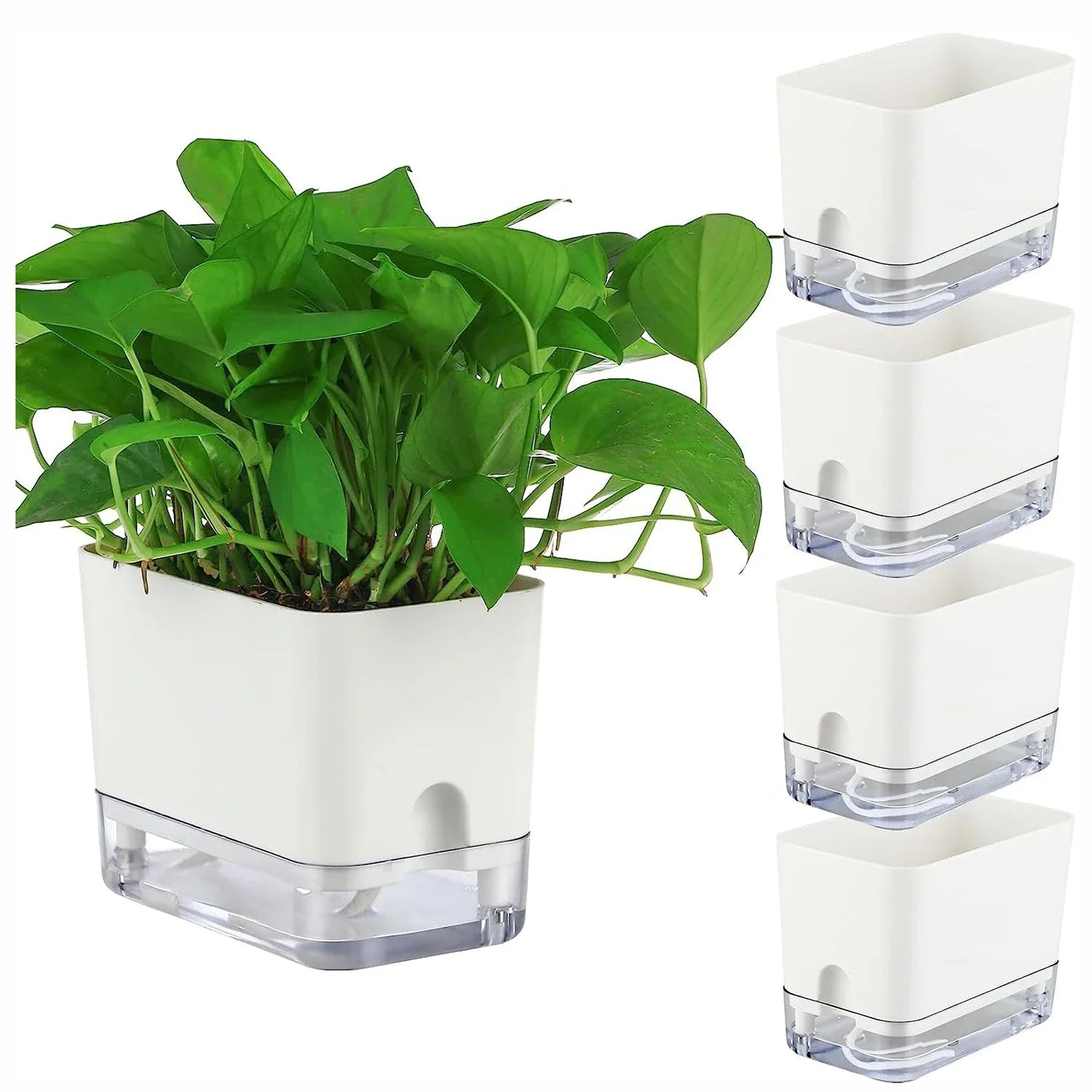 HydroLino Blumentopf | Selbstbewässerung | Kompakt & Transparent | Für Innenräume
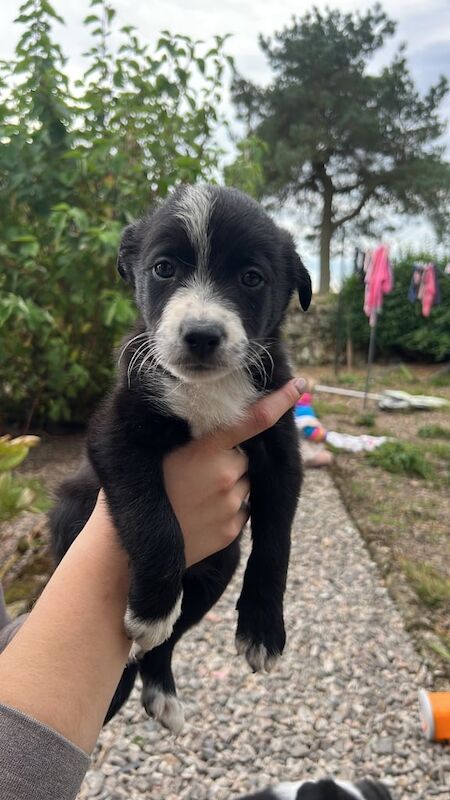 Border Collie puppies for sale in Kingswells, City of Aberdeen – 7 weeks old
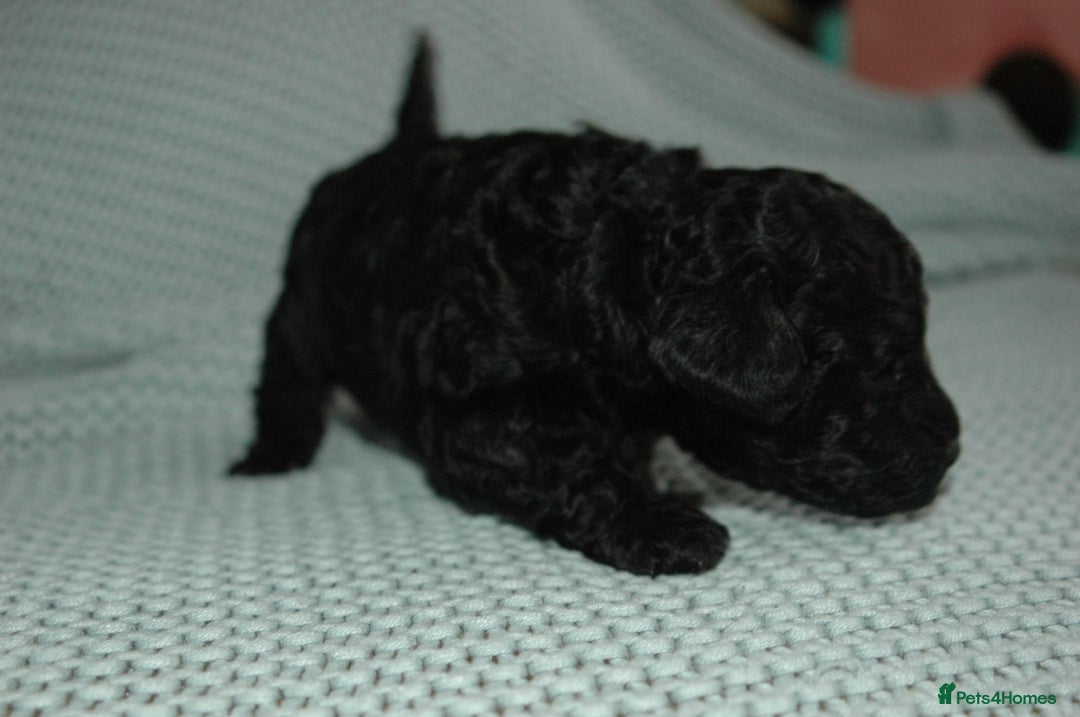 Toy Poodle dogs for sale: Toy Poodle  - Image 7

++++++

→ Task to complete
What you return should be the full listing, unchanged, minus the pictures.

→ Solution for this task
 HydroLino Blumentopf | Selbstbewässerung | Kompakt & Transparent | Für Innenräume
 Border Collie puppies for sale in Kingswells, City of Aberdeen – 7 weeks old
 Toy Poodle dogs for sale: Toy Poodle  - Image 7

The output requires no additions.